The towers and the ramparts have machicolations – defensive galleries, quite rare in Serbian military architecture. Actually, it came indirectly into use in Serbia – as a result of Byzantine influence, whereas the crusading campaigns to the Holy Land brought them to Byzantium from the West.

In front of the main wall with the towers, there was a lower rampart with a sloping scarp, today mostly in ruins, and in one section there was a ditch with the counterscarp. Such a defence concept allowed two level of the monastery defence, and with the implemented solutions on the Belgrade fortifications, it became a model for constructing the Smederevo double ramparts in the later period.

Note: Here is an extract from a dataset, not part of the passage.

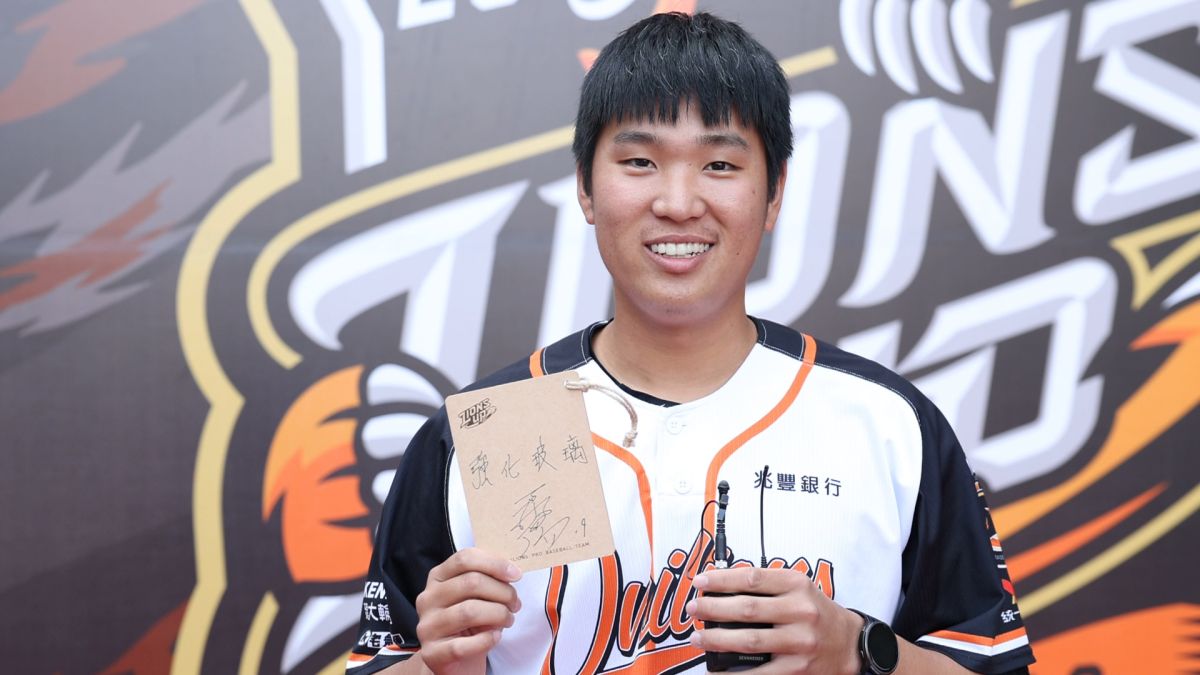 ▲統一獅古林睿煬寫下新賽季目標「強化玻璃」（圖／統一獅球團提供）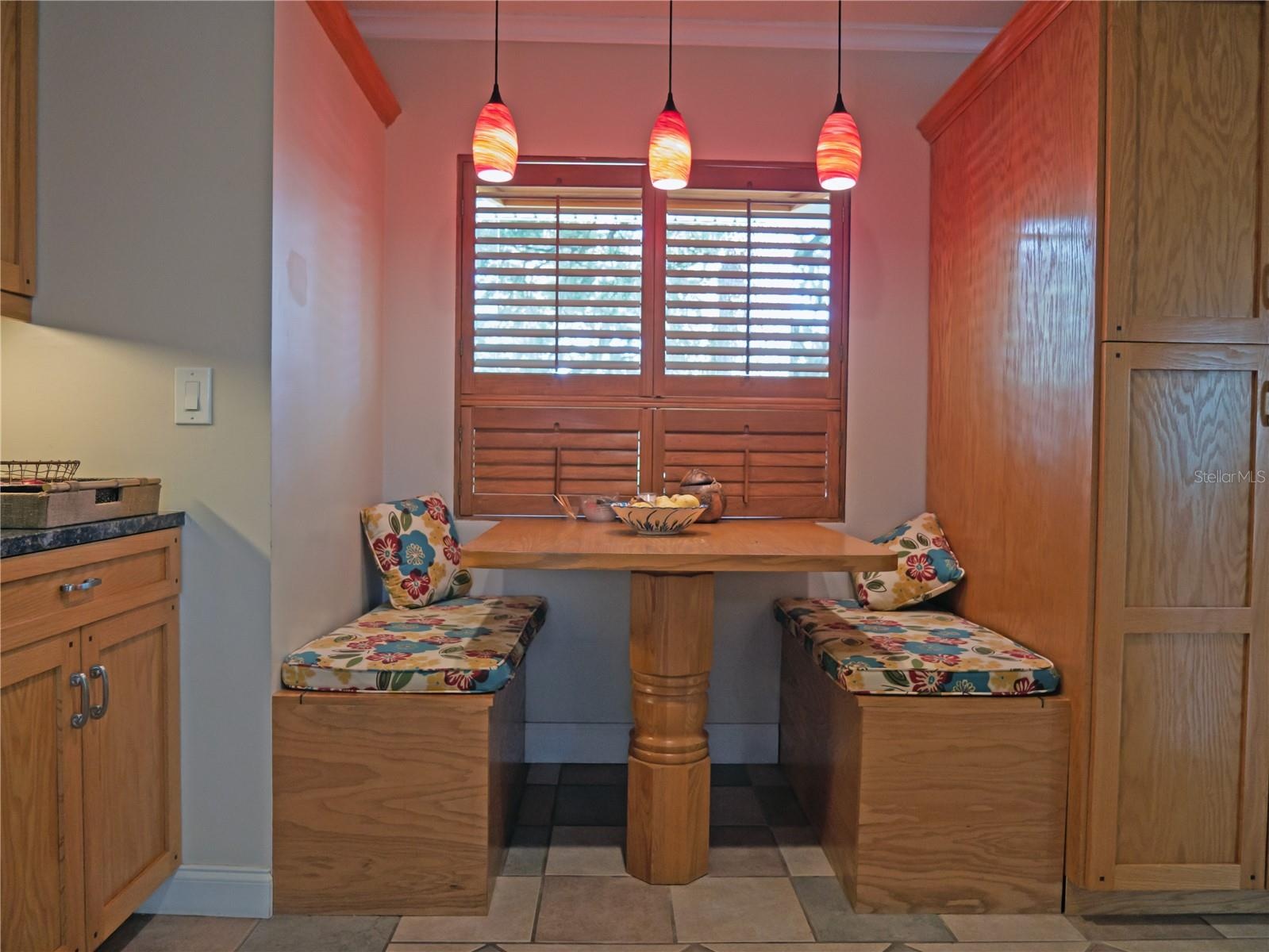 Dining 2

The donjon had its special place in the monastery defence system, today recognised and the Despot’s Tower. It is the most massive and the only closed tower, with the ground level 11m elevated from the monastery yard level. The tower interior is partitioned with wooden structures between the five storeys. On the fifth level there are defensive galleries – machicolations, having a significant role in the safety of the donjon. The Despot’s Tower of Manasija is one of the most successful structures in the Serbian military architecture and can compared with the crusade fortifications along the Asia Minor coast, but also with the towers of the Mount Athos monasteries.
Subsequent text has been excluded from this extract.